In the case of a map between two things, we don’t really care about the exact *sequence* of the data. We only care that a given input, when fed into the map, gives the accurate output. Developing a data structure that performs this is tricky because computers care much more about values than relationships. A computer doesn’t really care to memorize the astrological signs of all of our friends, so we need to trick the computer into caring.

We perform this trick using a structure that our computer is already familiar with, an array. An array uses indices to keep track of values in memory, so we’ll need a way of turning each key in our map to an index in our array.

Imagine we want our computer to remember that our good friend Joan McNeil is a Libra. We take her name, and we turn that name into a number. Let’s say that the number we correspond with the name “Joan McNeil” is 17. We find the 17th index of the array we’re using to store our map and save the value (Libra) there.
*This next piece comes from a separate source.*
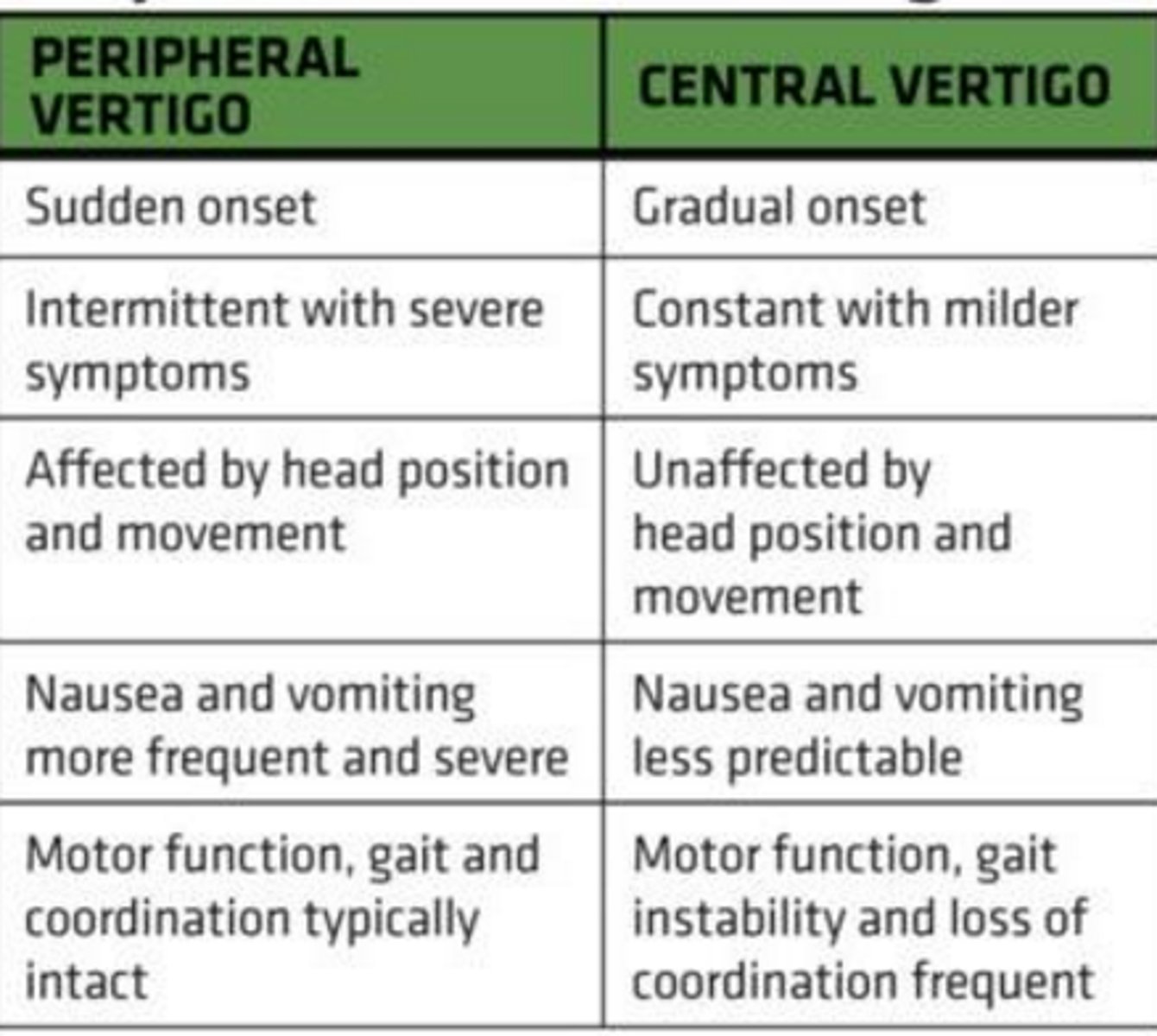 <p>peripheral →paroxysmal, intense spinning, rotary vertical or horizontal nystagmus, frequent nausea/sweating, aggravated by movement, hearing loss/tinnitus, ABSENT CNS s/sx</p>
How did we get 17, though? We use a special function that turns data like the string “Joan McNeil” into a number. This function is called a *hashing function*, or a hash function. Hashing functions are useful in many domains, but for our data structure the most important aspect is that a hashing function returns an array index as output.

### Instructions

What are some hashing functions we can build with the tools we have so far? What if we add up the number of vowels in the key? What if we assign a value to every letter in the alphabet (say A=1, B=2, etc.,) and add up all of those values? What if the string “Codecademy” returns 1 and all other strings return 0? All of these are hashing functions (some admittedly much more useful than others).

Does the key to a hash table need to be a string? Can you define a hash function that takes a different kind of input?